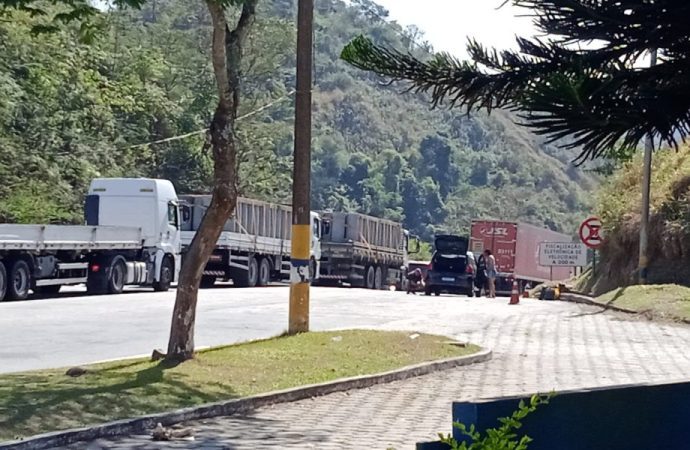 Carreta ‘cegonha’ tomba na Serra das Araras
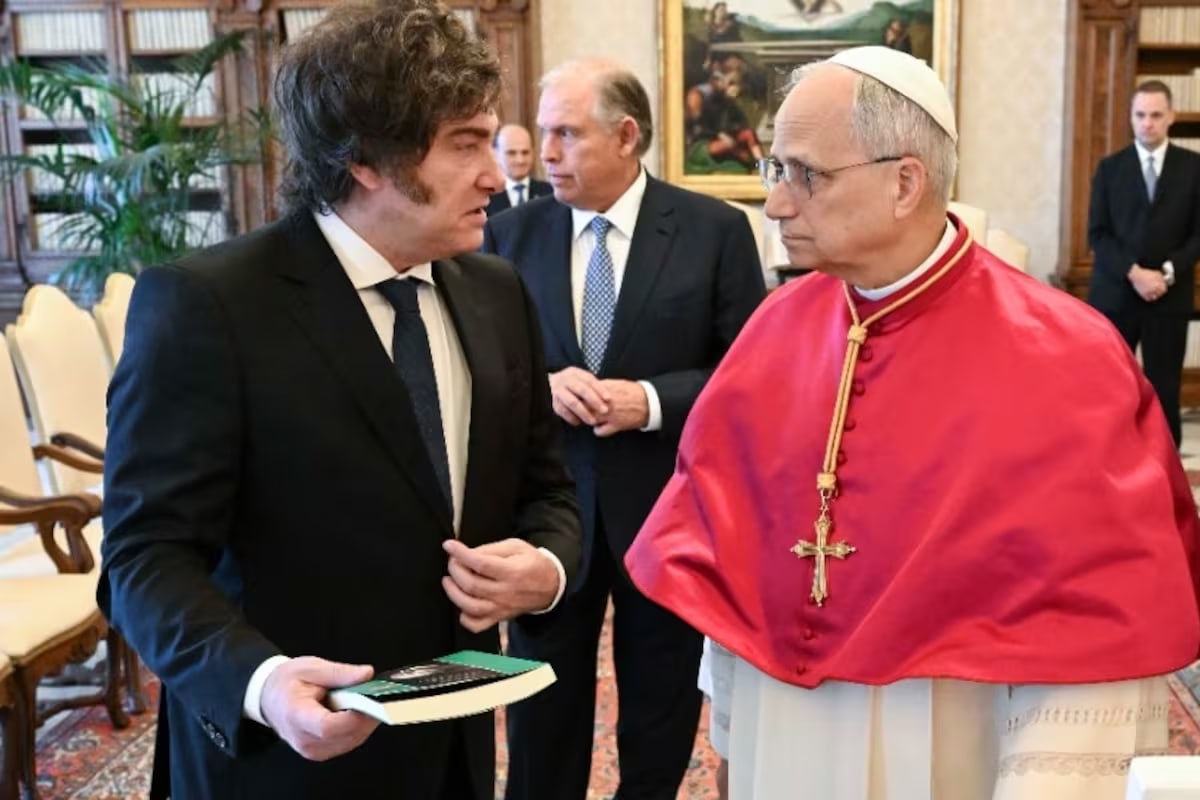 Javier Milei calificó como maravillosa la próxima visita del papa León XIV a la Argentina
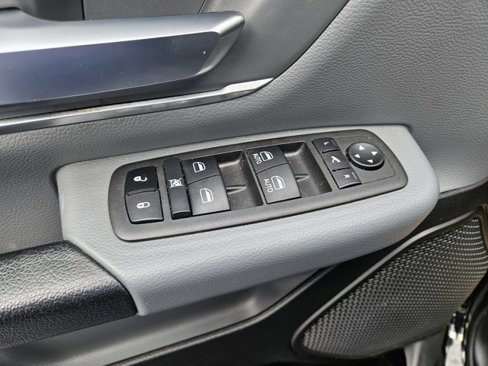 Used 2022 RAM 1500 Big Horn image 17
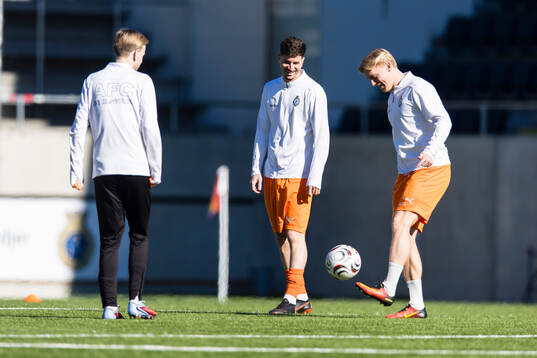 AFC Eskilstunas spelare värmer up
********
▶ [Task to carry out] Keep pictures out and return the lines from the one containing "Javier Milei calificó" through the end of the listing, both included, character for character.

▶ [Answer box]
 Javier Milei calificó como maravillosa la próxima visita del papa León XIV a la Argentina
 Used 2022 RAM 1500 Big Horn image 17
 AFC Eskilstunas spelare värmer up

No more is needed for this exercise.